An array of pairs of 32bit floats, for use with e.g. Vector2. The functions are all ranged Vector2 equivalents.

FastArray_4i32

4 32bit integers.

Vec4_i32

Simple Vector4 integer class. Can be used for passing values to FastArray_4i32 or for your own use.

ToDo

I have started making optional SSE versions of the functions. There is CPU detection code to detect CPU caps at startup, and dynamic dispatch to the fastest path supported by the hardware. The SSE code can be compiled out by switching out defines.
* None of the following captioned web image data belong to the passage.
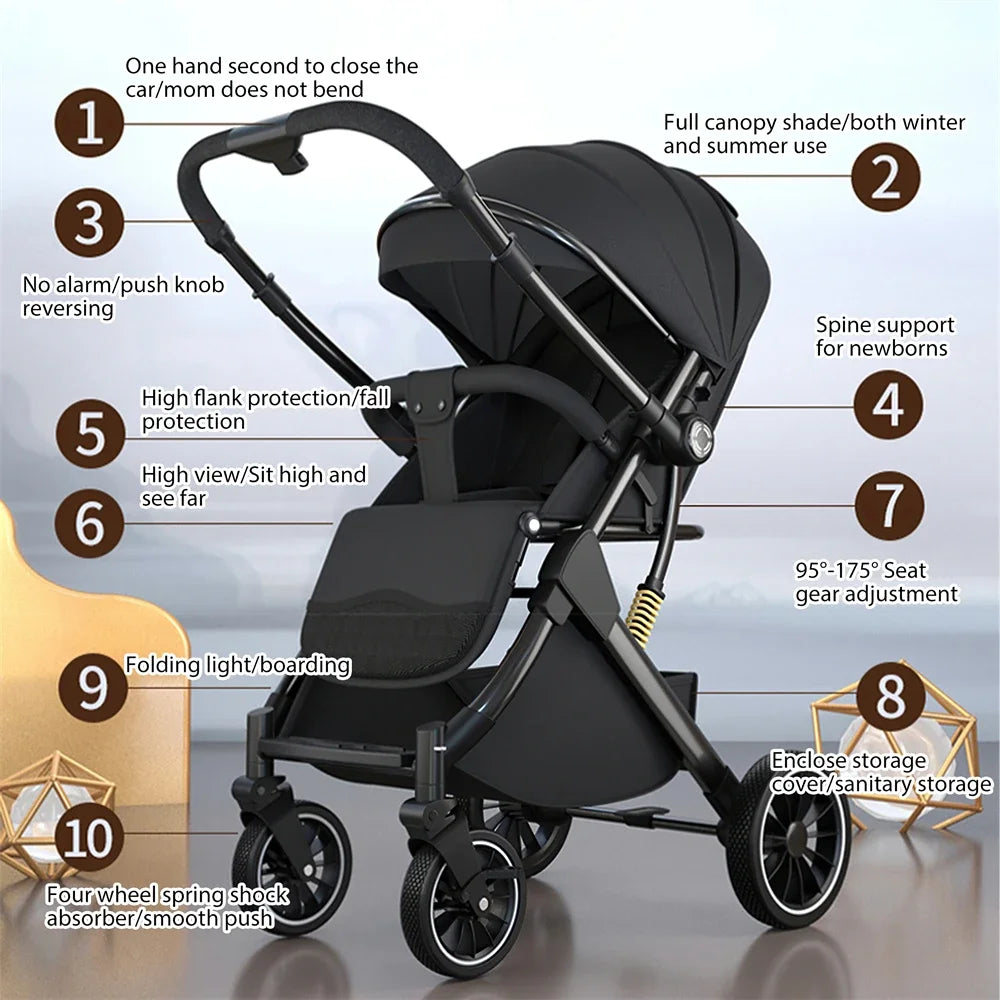 Luxurious Light High Landscape Baby Stroller leg-sapped Seat for Newborn One Hand reline Pushchair Pram Compact Size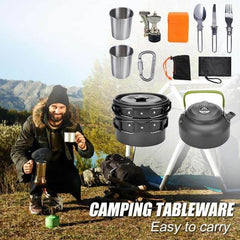 Camping Cookware Set - Durable Hard Alumina Pots & Pans for Outdoors - InfinityMarket - Camping - Complete set - Hiking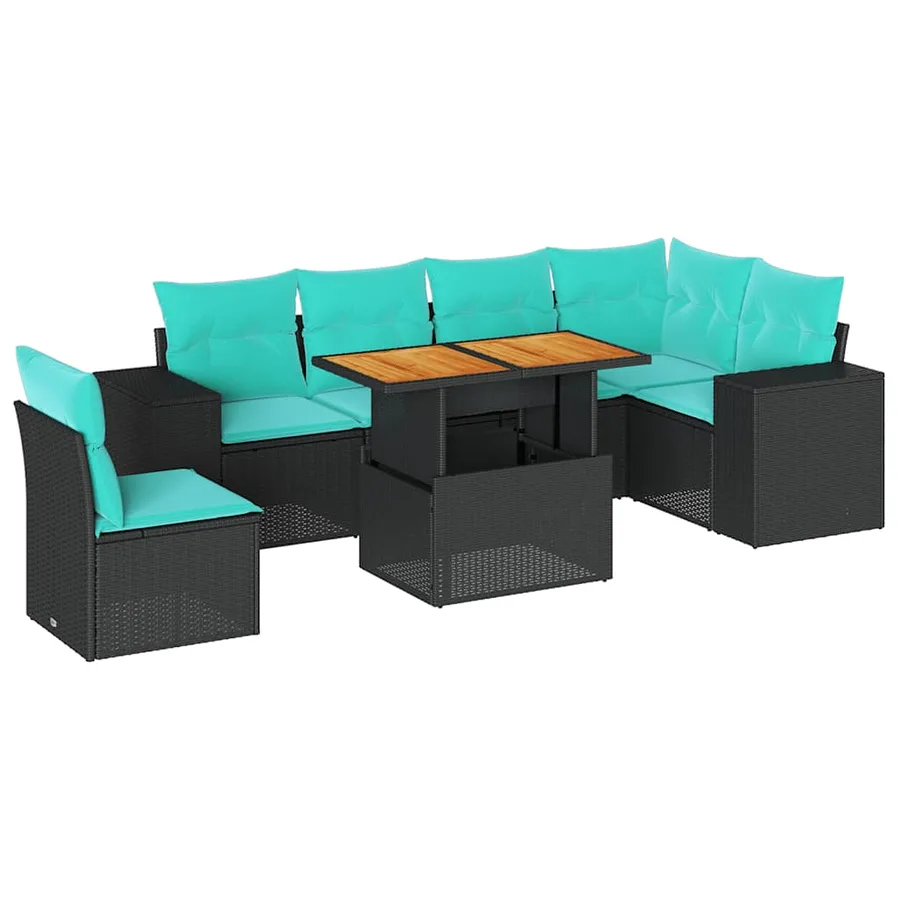 Salon de jardin 7 pcs avec coussins noir résine tressée 55 x 62 x 69 cm - 68,2 kg - 2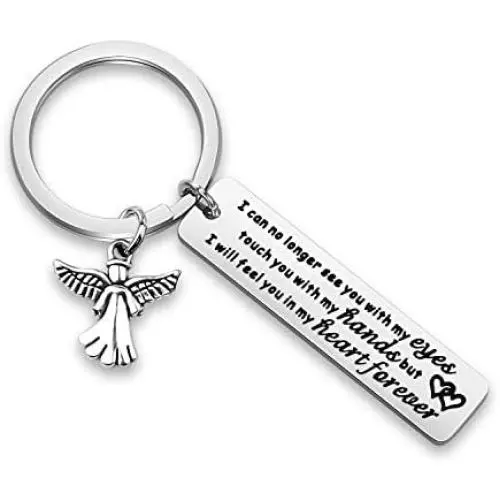 WUSUANED Memorial Keychain I Can No Longer See You with My Eyes But I Will Feel in My Heart Forever Loving Memory Jewelry Dad Mom Sympathy Gift WUSUANED Memorial Keychain I Can No Longer See You with My Eyes But I Will Feel in My Heart Forever Loving Memory Jewelry Dad Mom Sympathy Gift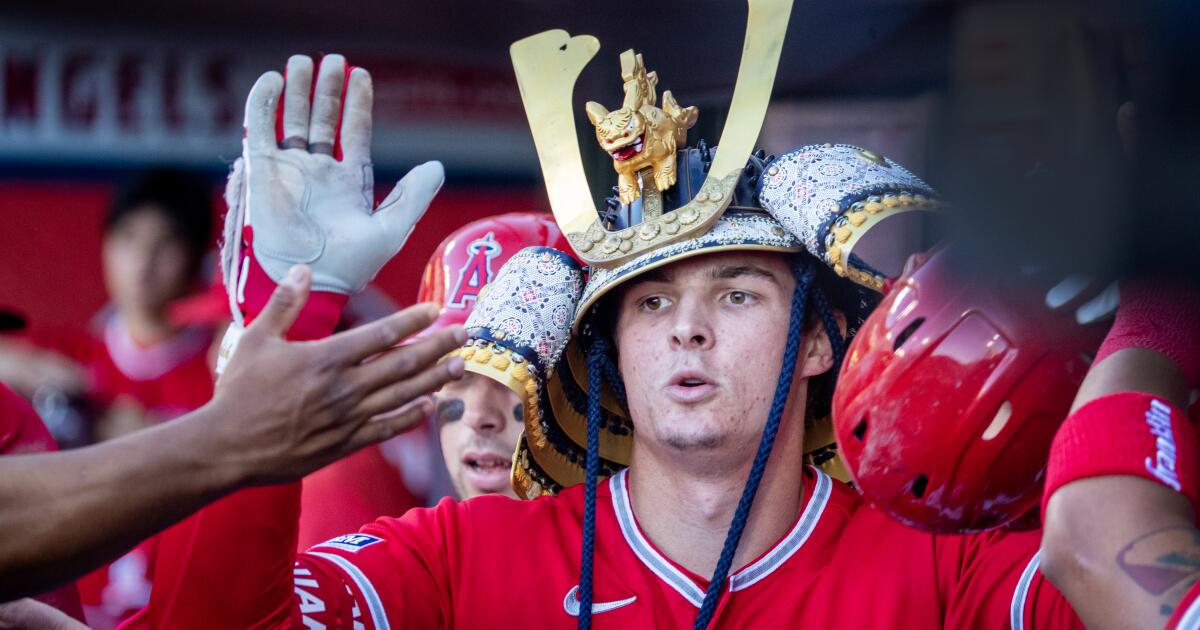 Los Angeles Angels center fielder Mickey Moniak looks on during the News  Photo - Getty Images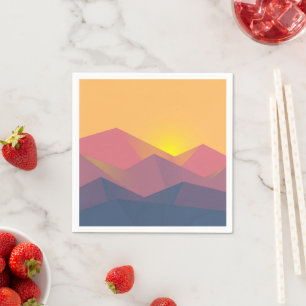Serviette En Papier Montagnes Rustiques Géométrique Minimaliste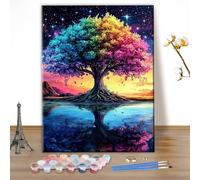 MEIYUDA Dipingere con i Numeri Adulti Albero Della vita Colorato, Pittura a Olio Kit Paint by Numbers fai da te Quadri da Dipingere Numerat, Pittura Adulti Decora la Casa Regalo 30x40cm(Senza Cornice)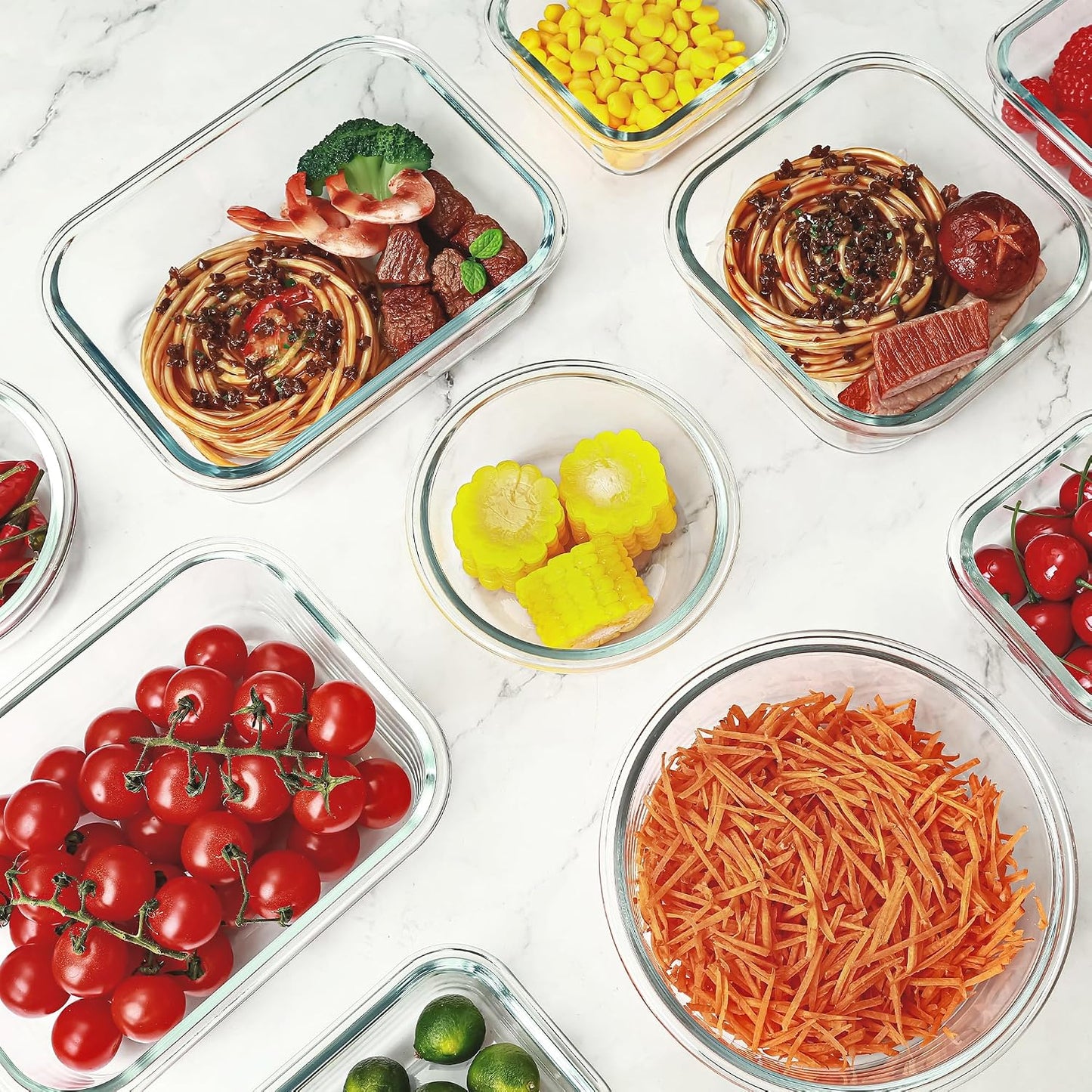 12 Pack Glass Food Storage Containers Set, Glass Meal Prep Containers with Lids, Airtight Lunch Containers, Dishwasher Safe, purple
The architecture specific code is compiled in separate translation units, with specific compiler flags set in the scons SCsub. This is to prevent higher version code being generated by the compiler and used in hardware that does not support it (which would cause a crash). This is indicated by the gcc docs and the technique used by google chrome.

See:

https://gcc.gnu.org/onlinedocs/gcc-4.5.3/gcc/i386-and-x86_002d64-Options.html https://randomascii.wordpress.com/2016/12/05/vc-archavx-option-unsafe-at-any-speed/

FastArray_4f32 Functions

Functions include:

  • read / writing elements and reserving array
  • read / writing as pool arrays
  • add, subtract, multiply, divide
  • sqrt, inverse sqrt, reciprocal
  • vec3: dot, cross, unit cross, normalize
  • vec3: length, length squared
  • vec3: xform, inverse xform

Example

const size = 5000000

func TestSIMD():

	# create SIMD array
	var arr = FastArray_4f32.new()
	arr.reserve(size)

	# fill
	for i in range (size):
		arr.write(i, Quat(1, 1, 1, 1))

	# perform ranged function (single instruction, multiple data)
	arr.value_add(Quat(1, 1, 1, 1), 0, size)

	# read
	var q : Quat
	for i in range (size):
		q = arr.read(i)
		# do something with q

FastArray_2f32 Functions

  • read / write, reserve
  • add, subtract, multiply, divide
  • sqrt, inverse sqrt, reciprocal
  • dot, cross, normalize
  • length, length squared

ToDo

  • Thread safety
  • Alignment
  • Strided generic versions of functions (for use on external arrays)

Notes

As yet some operations are difficult / impossible to autovectorize and require compiling without disabling intrinsics for maximum speed. These include sqrt, inverse sqrt and operations which depend on these.